I DO what everyone else does. I get up and go to work five days a week to pay my bills. It’s just that at weekends I get punched in the face.

I had 40 odd amateur bouts. I won the Yorkshire title a few times and got to the semi-finals of the Novice championships, but really, I was only an average club fighter, nothing very special.

I turned pro when I was 19, making my debut nine days after my birthday, and I wanted to be a champion. I turned over with Dennis Hobson and I remember telling him: “Get me a belt.”

I wasn’t hoping for a world title belt. I was always realistic. I knew I wasn’t a world beater. I was hoping for an Area title or maybe a British Masters. I started out selling tickets, boxing at home and got a shot at the Masters, but didn’t win it and after that I thought, I either sack it off or become a journeyman, because it was always hard to sell tickets.

I decided to go on the road and enjoy myself and getting to 100 fights became my world title.

It hasn’t been easy to get there. There were times when I wanted to knock it on the head. My hands went and for a while I wondered if I could be bothered with it anymore. I got to 95 and thought, I have to get five more. That kept me going.

I used to dream about getting to 100 fights and when I got there in Stoke, against Connor Lee Jones last October, it was the best day of my life – so far.

I’m getting married soon so that will be the best day of my life, but right now that 100th fight was my biggest achievement.

Now I’ve got there, I don’t have any targets anymore. I don’t know what the future holds. I could pack it in today or carry on to 120 or maybe even 150 fights. I will stop when I don’t enjoy it anymore. One morning I might wake up and think, that’s me done, but, at the moment, I’m still in love with boxing.

I know what I’m doing, I don’t get hurt. I remember getting a call at 9-55 one Sunday morning and at 1-30 in the afternoon I was in the ring with Tom Hill. He’s a super-welterweight and I’m only a lightweight. I was tiny compared to him, but if the money is right I get in there, tuck up and get through it.

If they take the p**s I can turn it on. I don’t let them take the p**s. They know I have it in my locker if they do. I know my way round the ring and I’m not going in there to get bashed up. I will hold, talk to them, do whatever I have to do to make it an easy night

I’ve only been stopped twice in 106 fights spread over seven-and-a-bit years. I have learned my job. I know what I’m doing in there.

I go to the gym every now and then, and when manager Carl Greaves rings me up I have three things I need answers to. When? Where? How much?

I’m not really bothered about names. I’m not a massive boxing fan.
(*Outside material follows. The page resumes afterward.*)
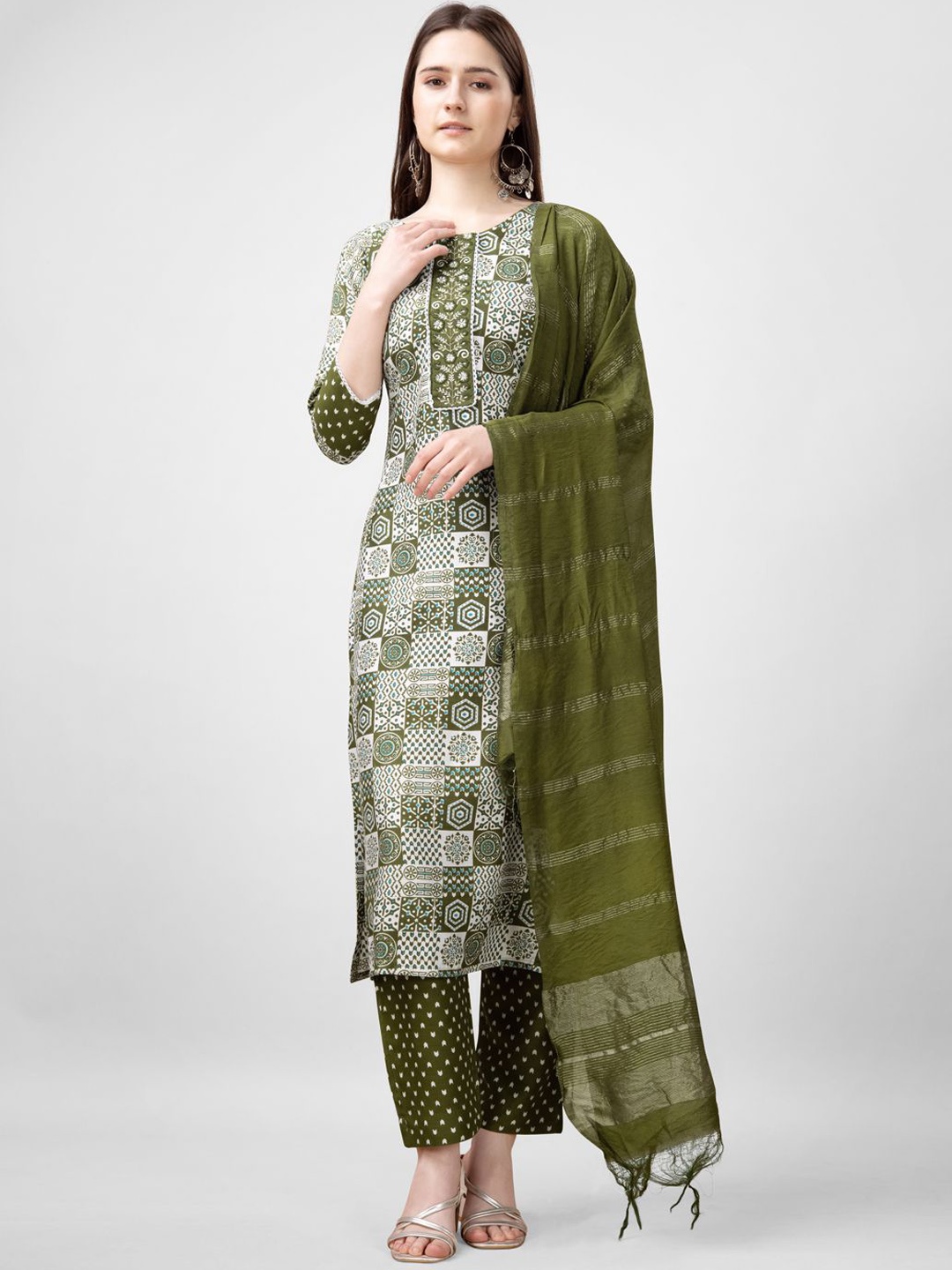 ARADHNA Women Paisley Embroidered Regular Gotta Patti Kurta with Churidar & With Dupatta, Green
ARADHNA Women Paisley Embroidered Regular Gotta Patti Kurta with Churidar & With Dupatta, Green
I’m not one of those boxers who study it all the time.

When I talk to people, the question I get asked the most is: ‘Who’s the best you have fought?’ Lucas Ballingall could punch hard and Archie Sharp gave me a hard night’s work. Maxi Hughes stopped me, so he must have been good.

I’ve had a lot of fights, but I still get nervous. Every time. Half an hour before every fight I’m in the dressing room s**tting myself. I wouldn’t be human if I didn’t get scared.

I do it because I enjoy it and it keeps me out of trouble at weekends.

I don’t think about winning titles now. I’m too deep into doing what I’m doing. I enjoy doing what I’m doing. I’m in a good place.